An elderly Colorado couple visiting Kaua‘i to celebrate their 50th wedding anniversary got kicked out of the Līhu‘e Airport after their flight home was cancelled because of stormy  weather. It being after midnight, and raining, the couple and several others wanted to stay at  the airport till morning, but a security guard threatened to call the police if they didn’t leave. The stranded group of travelers ended up sleeping on the concrete floor of a local shelter.

 

WE DON'T WANT TO SEE HOW HE DEBRIEFS HIS CLIENTS.
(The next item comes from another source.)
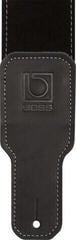 Gitárszíj Boss BSS-25-BLK Gitárszíj Black - 1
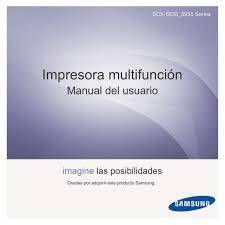 Allowing more time to relax and enjoy the accomplishments of the day. Samsung Scx 5835nx User Manual Manualzz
A Kauai lawyer was fined $250 in July after he was found guilty of licking the ear of a 21-year-old female client during a hug. In his sentencing, Judge Frank Rothschild said, “Quite frankly, these are the actions of a dirty old man.”

 

THANKS, AND BUH-BYE.

City Council member Nestor Garcia got fined $6,500 in July—the largest amount ever for a city official—for failing to disclose potential conflicts of interest generated by his position as executive director of the Kapolei Chamber of Commerce. While he served on the City Council, the Chamber provided supporting testimony on 52 bills and resolutions, ranging from the rail project to Kapolei rezoning measures, a situation the Ethics Commission called a basic financial conflict. Garcia did not win reelection in November.

 

 

AT LEAST HE DIDN'T PADDLE THEM…

The owner of a Kailua kayak shop was arrested in July after he hosed down people who were protesting his store’s commercial activity on Kailua Beach. “It looked like they wanted to be cooled off, so I obliged,” Bob Twogood said later of the incident, in which he sprayed water on four people in front of his store for about a minute and a half. “It’s probably not a good idea to provide aid and comfort to protesters,” he added.
 

BUT, OH, THE SCENERY!

A national study released in May found that Honolulu had the single worst traffic congestion in the nation, with the average driver losing 58 hours a year stuck in traffic. The worst time to be driving in Honolulu, according to the study? Tuesdays  between 5:15 to 5:30 p.m.
 

HARD KNOCKS 101

A Maui man was sentenced in June to probation and anger-management classes after he repeatedly bashed a teenage polo player on the head with a mallet during a match, causing injuries that required stitches. The Associated Press report on the incident noted, “Decoite apologized in court but said the teen should have been wearing a helmet.”
 

THE BEST MOVIES ALWAYS HAVE A TWIST.

Dog isn’t the only bounty hunter with smooth moves. In May, a Pennsylvania bounty hunter named Scott Bernstein managed to convince Hawai‘i resident Joshua Garlathy, who reportedly owed almost $43,000 in child support and had a Pennyslvania warrant out for his arrest, that he would be perfect for the role of a guitar-playing bank robber in a (non-existent) Jennifer Aniston movie. When Garlathy arrived at Philadelphia International Airport to chase cinema stardom, cameras were indeed rolling, but instead of movie cameras, they were for a TV reality show on deadbeat dads. Police arrested him on the spot, and Garlathy later pled guilty to the charges against him.